← Back to context

Comment by celestialcheese

17 hours ago

Azure migration is the most plausible explanation I've heard. https://news.ycombinator.com/item?id=45517173

GitHub claims that AI development tools have caused a massive surge in demand in recent months. They need to scale by 30X to keep up with demand.

According to GitHub, Azure migration is the attempt at a fix/upscaling, not the underlying cause of the issues.

Addressing GitHub’s recent availability issues: https://github.blog/news-insights/company-news/addressing-gi...

An update on GitHub availability: https://github.blog/news-insights/company-news/an-update-on-...
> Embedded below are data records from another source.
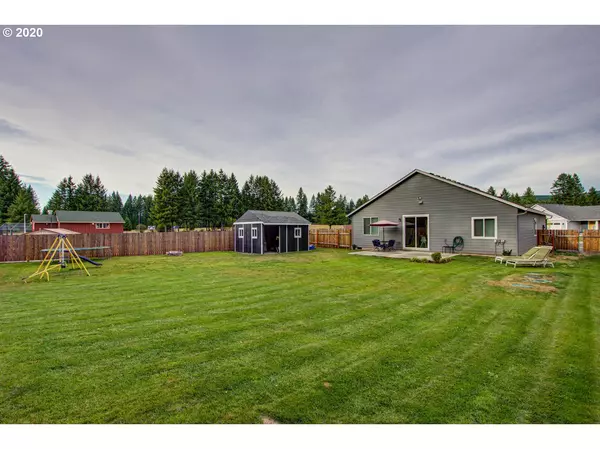 Yacolt, WA 98675,267 W CHRISTY CT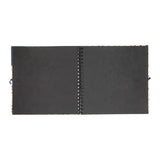 Schookbook Luepaardprint, 25x25 cm - afbeelding 2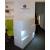 ZEN Reception Desk w/Drawer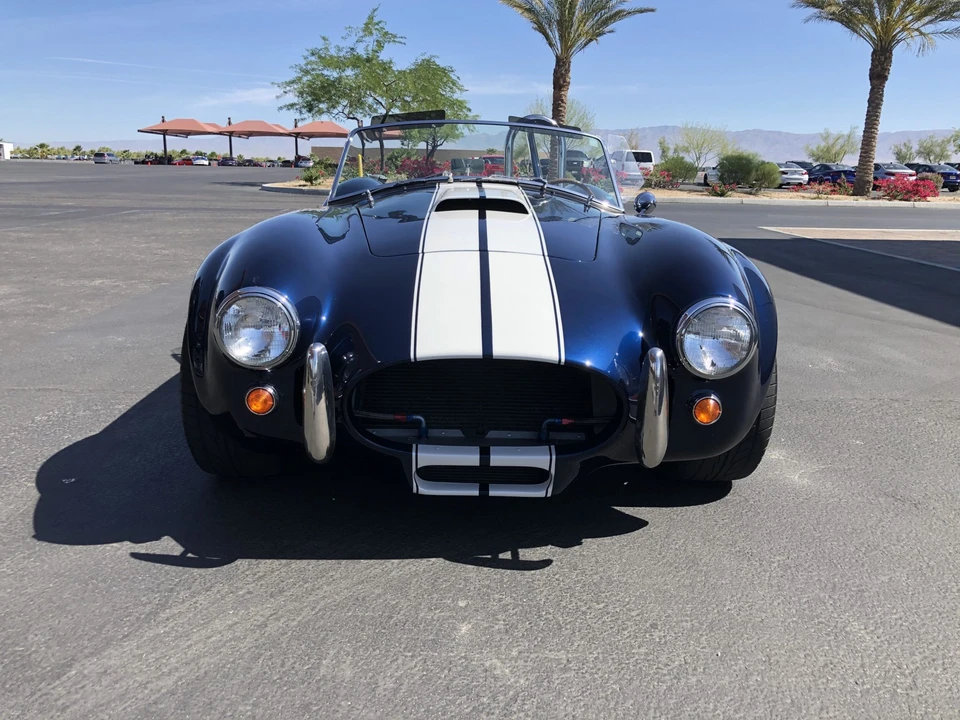 Shelby Cobra Replica - Image 6 of 31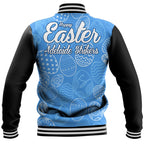 adelaide-strikers-cricket-happy-easter-day-baseball-jacket-simple-style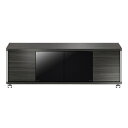 送料無料(沖縄、離島を除く) 朝日木材加工 AS-GD1200H 【テレビ台★薄型】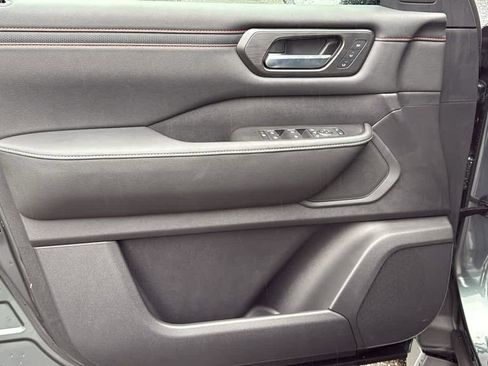 New 2026 Nissan Armada PRO-4X image 17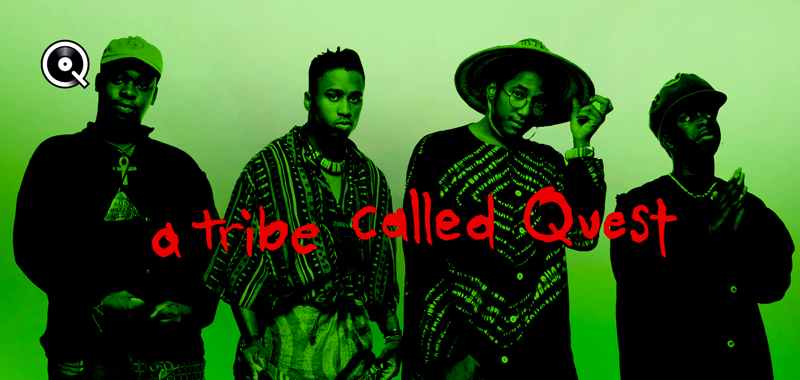 A Tribe Called Quest A Tribe Called Quest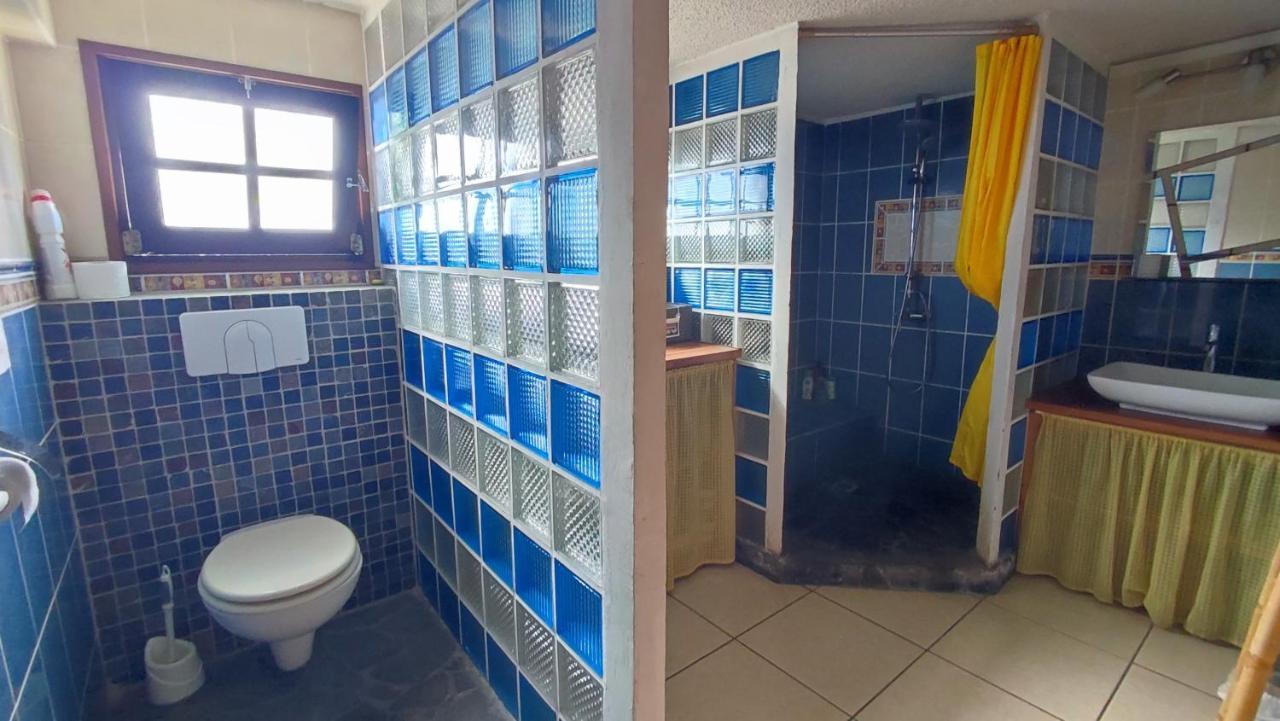 Chez Nadine & Patrick Apartment Saint-Paul Екстериор снимка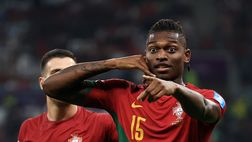 Mondiali o trofeo con il club? Leao non ha dubbi: le sue dichiarazioni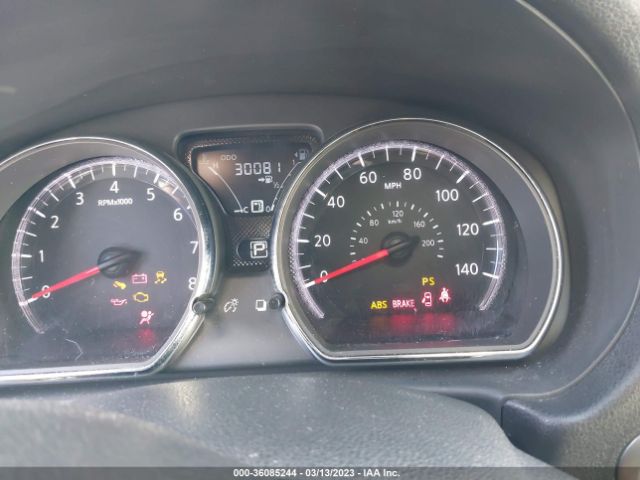 3N1CN7APXKL870088 Nissan Versa Sedan Sv
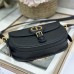 Replica Dior Bobby East-West Bag white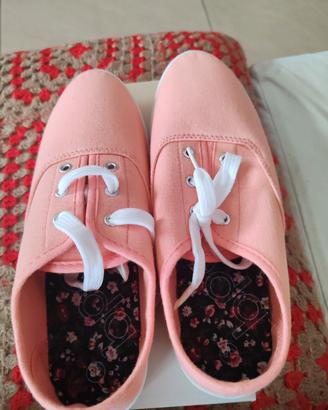 Scarpe donna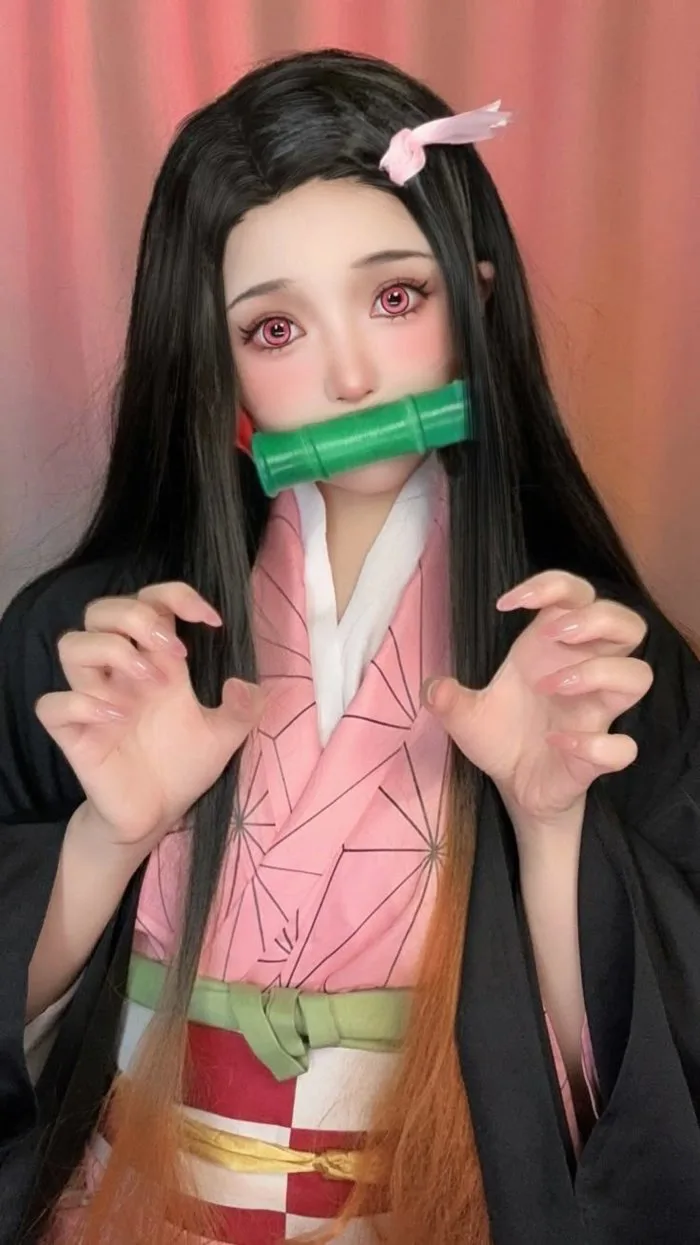 Nezuko chann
  • Github is claiming that a usage spike in 2026 is the cause of availability issues in 2025, so their explanation is clearly incomplete at best. The usage spike may be why things have failed to get better despite them putting effort into improving things, but it isn't the root cause of problems.

  • But the outages have been getting worse and worse even before anything related to AI took off.

    The issue is that they're not a scrappy startup anymore, they are defacto running the internets development infrastructure and are owned by a trillion dollar company.

    So the bar they're measured by has changed and they haven't even tried to keep up, paying lip service to reliability when you are critical infrastructure is not going to go well.

    There were reliability issues in 2010 for sure, but it feels worse now; the period before acquisition was the most stable (2014-2017).

  • > GitHub claims that AI development tools have caused a massive surge in demand in recent months. They need to scale by 30X to keep up with demand

    They said they're designing for a future that would require 30X of today's scale.

    They did not say that they need to scale 30X to meet today's demand.

    To be fair, the "demand is up 30X" claim was spammed all over social media so it's easy to see why this topic is so misunderstood

  • Funny how windows updates are never postponed for lack of "scaling". I know, I know, completely different stuff here - but arent test vms and ci vms being updated constantly?

    Im old enough to remember the hotmail migration to win2k (then 2k3) and the postmortem. I was also old enough to look at the rotor source code. Yah, that one, running managed code in freebsd.

  • Their own greed is causing their issues. They could be doing a million different things to reduce demand, but they don't want to dampen their current growth and have opted to continue scaling up at the cost of quality.

  • Then they shouldn't be encouraging AI development tool usage.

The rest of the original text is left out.